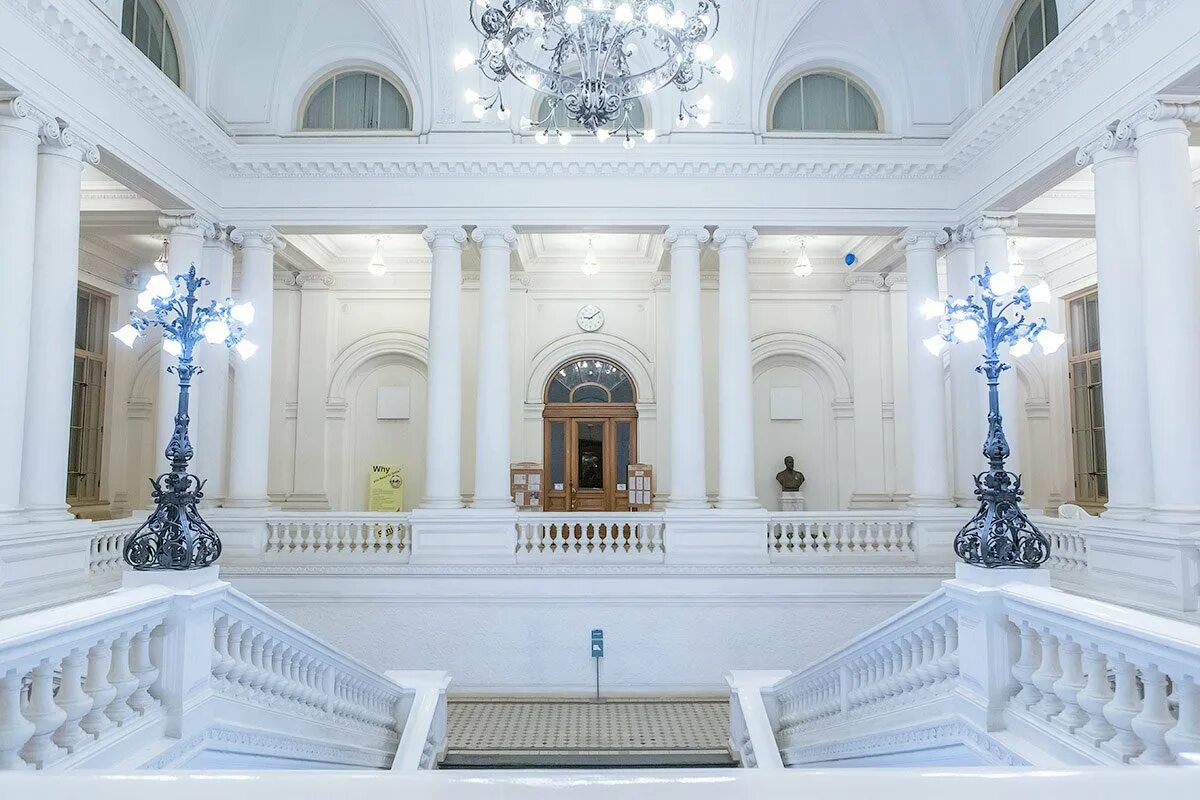 Политехнический университет в санкт петербурге белый зал. Санкт-петербургский политехнический университет петра великого. белый зал спбгпу петра великого. политех петра спб. университет петра великого в санкт-петербурге внутри.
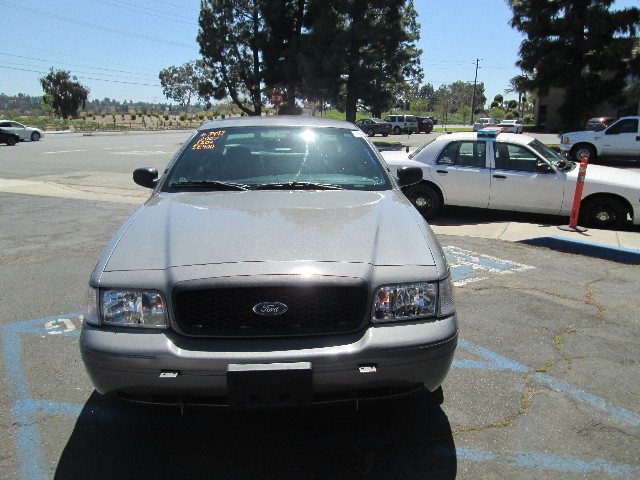 Ford Crown Victoria Vehicle Full-screen Gallery Image 02
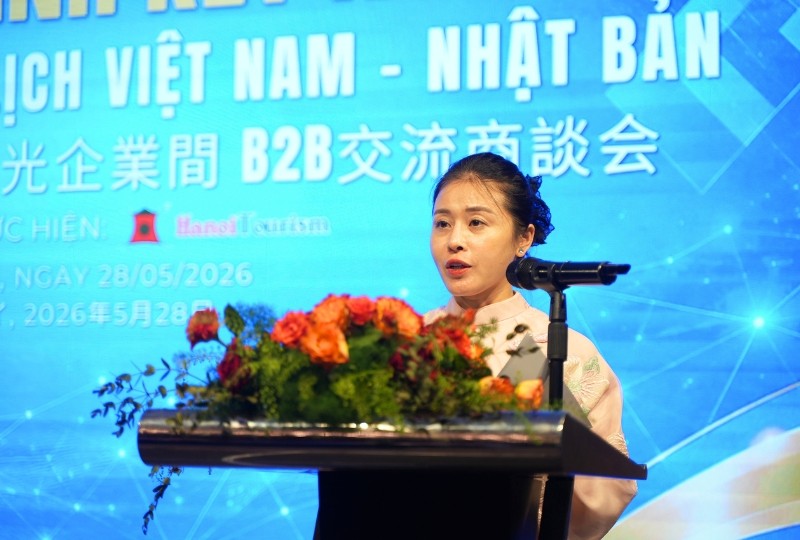 Bà Nhữ Thị Ngần, Tổng Giám đốc Hanoi Tourism JSC phát biểu tại chương trình Bà Nhữ Thị Ngần, Tổng Giám đốc Hanoi Tourism JSC phát biểu tại chương trình
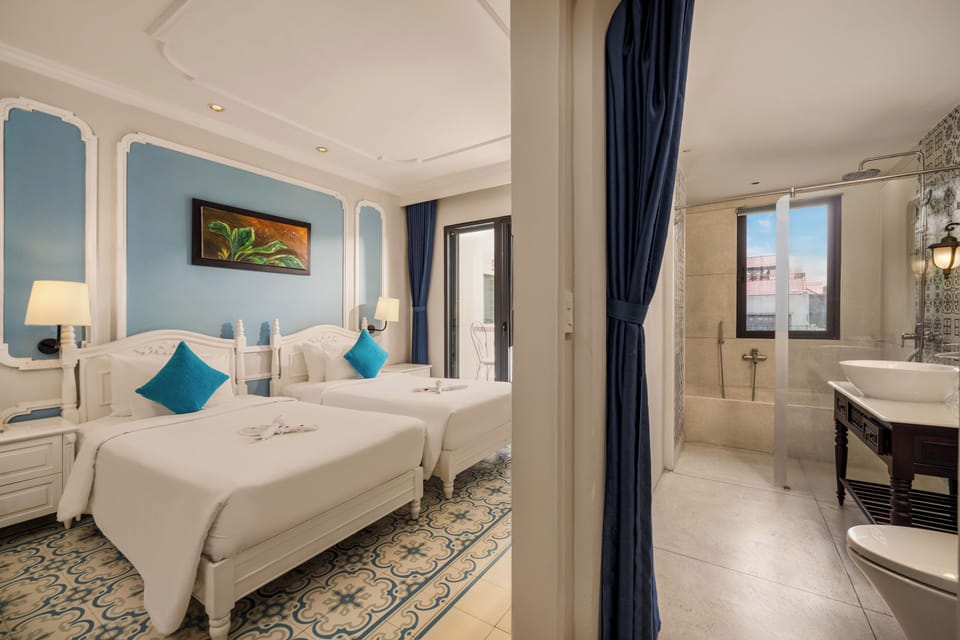 Deluxe Double or Twin Room, Balcony | Down comforters, minibar, in-room safe, individually decorated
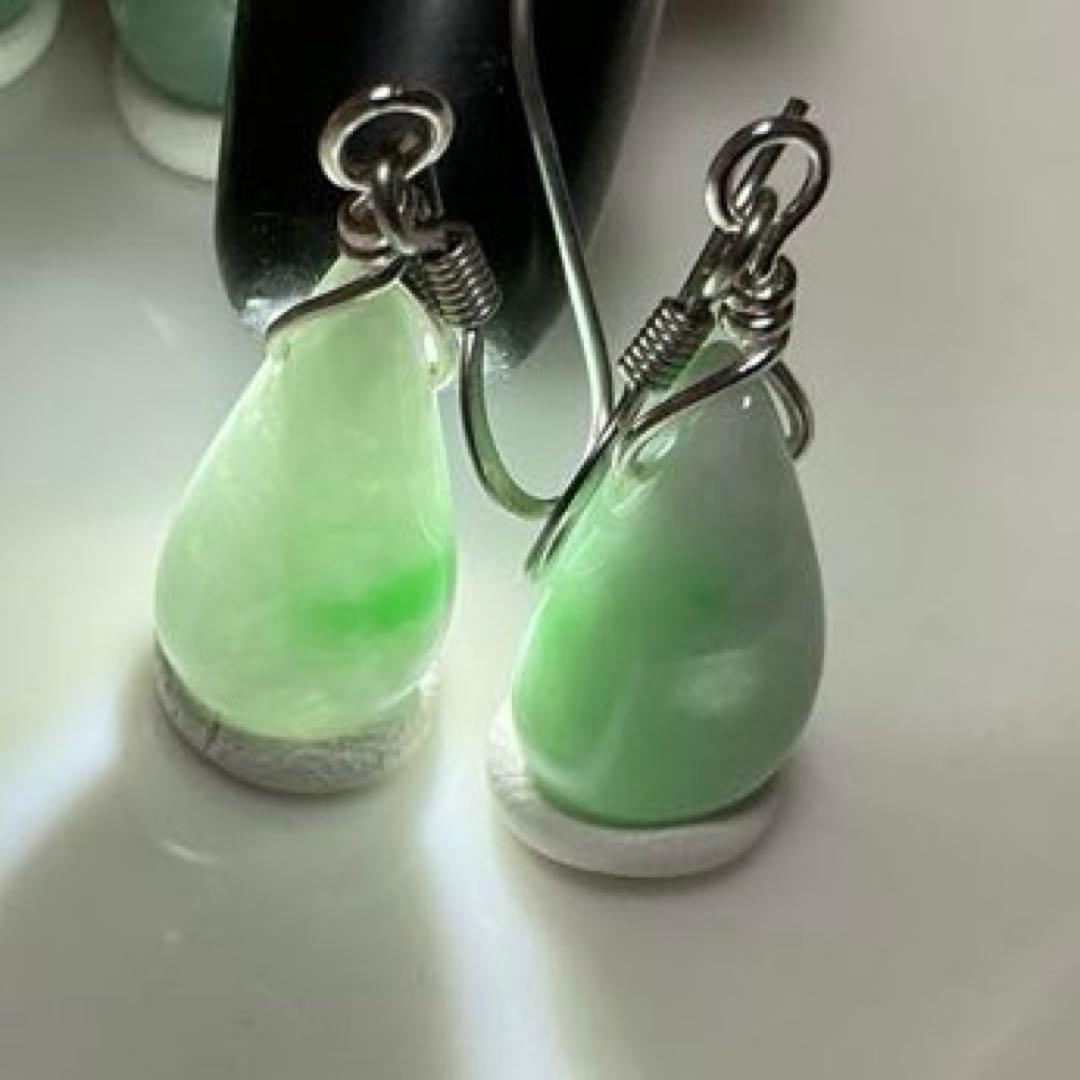 【専用】ティアドロップピアス　小滝産翡翠　翠と白のグラデーション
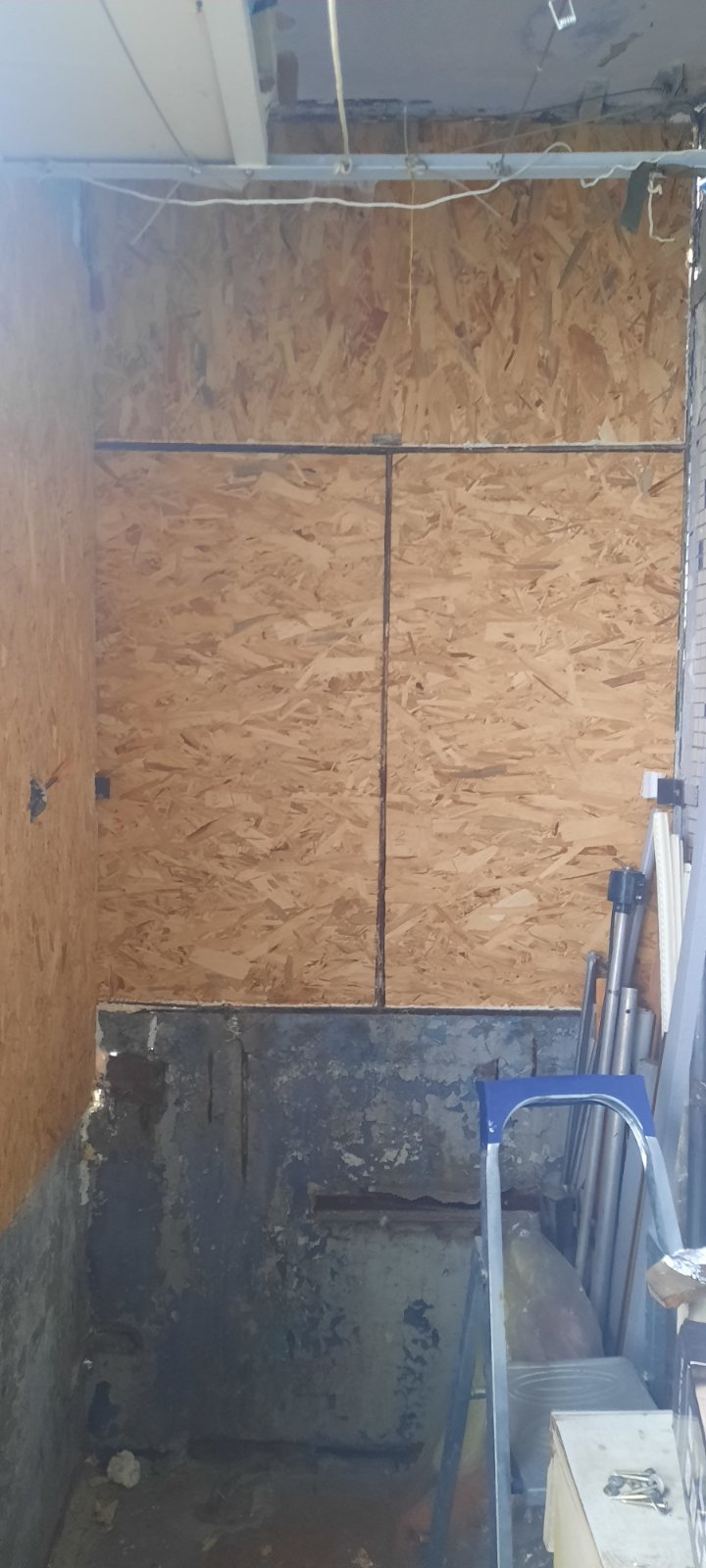 В будинку родини на Херсонщині під час обстрілу вибило вікна. Людям потрібна допомога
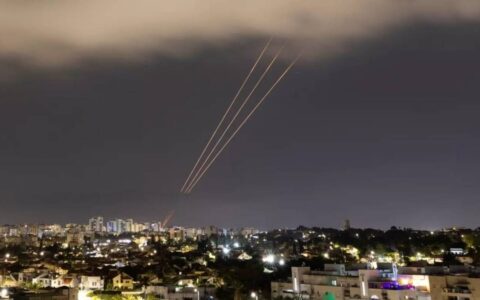 伊朗出手，无人机扑向以色列，以总理躲进防空洞，拜登该头疼了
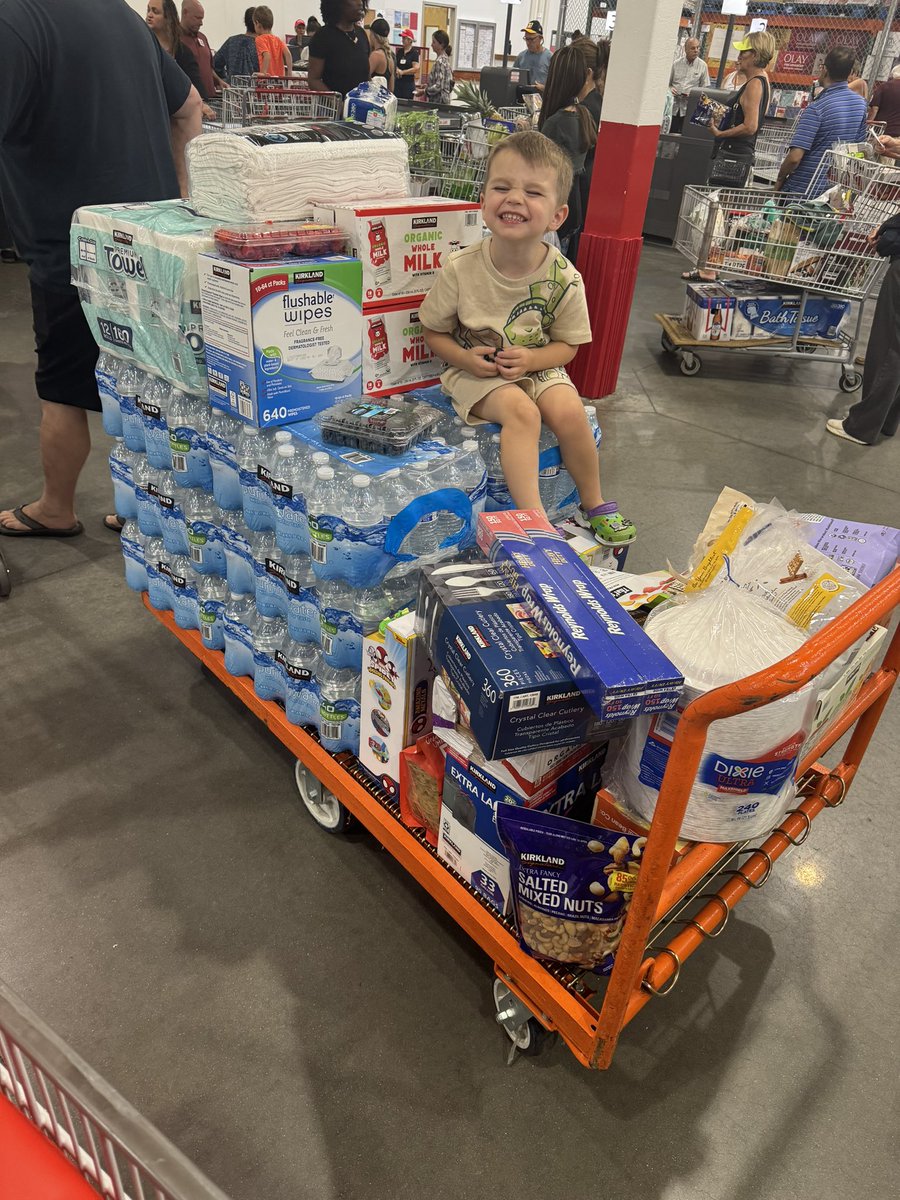SHARE THIS POST!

============

» What you have to do:
Each line from the one that holds "Deluxe Double or" through the final line of the data must be retyped exactly; the pictures must not appear.

» Result for this exercise:
 Deluxe Double or Twin Room, Balcony | Down comforters, minibar, in-room safe, individually decorated
 【専用】ティアドロップピアス　小滝産翡翠　翠と白のグラデーション
 В будинку родини на Херсонщині під час обстрілу вибило вікна. Людям потрібна допомога
 伊朗出手，无人机扑向以色列，以总理躲进防空洞，拜登该头疼了
SHARE THIS POST!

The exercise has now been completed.